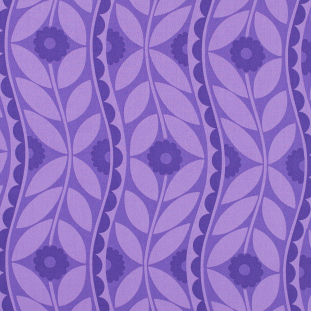 Purple Floral Printed Cotton Woven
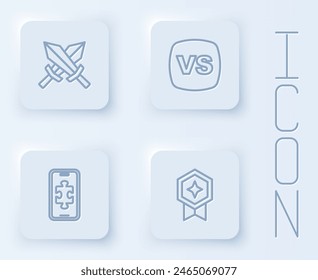 Set line Sword for game, VS Versus battle, Mobile gaming and Game rating with medal. White square button. Vector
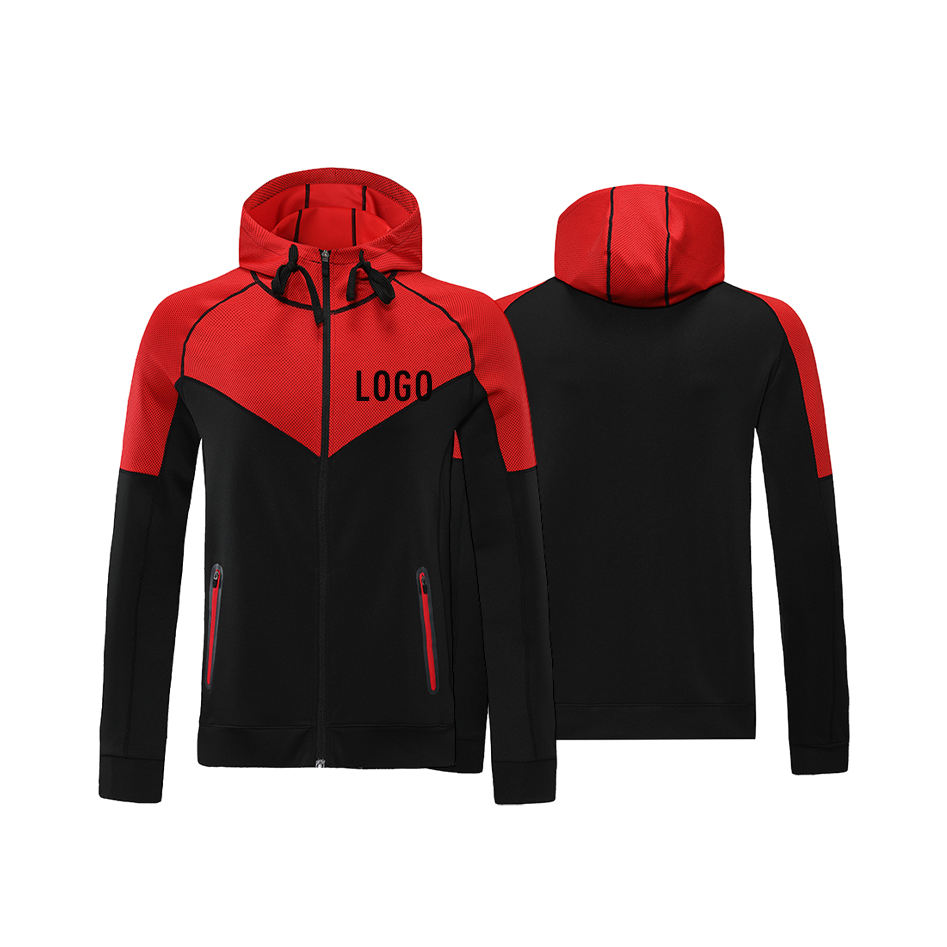 Wholesale Full Zip Tracksuit Jacket High Tech Quick Dry Athletic Workout Sports Jacket With Hoody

(Your instructions):
Your copy should hold each line above exactly and no pictures at all.

(Answer to the problem):
 Purple Floral Printed Cotton Woven
 Set line Sword for game, VS Versus battle, Mobile gaming and Game rating with medal. White square button. Vector
 Wholesale Full Zip Tracksuit Jacket High Tech Quick Dry Athletic Workout Sports Jacket With Hoody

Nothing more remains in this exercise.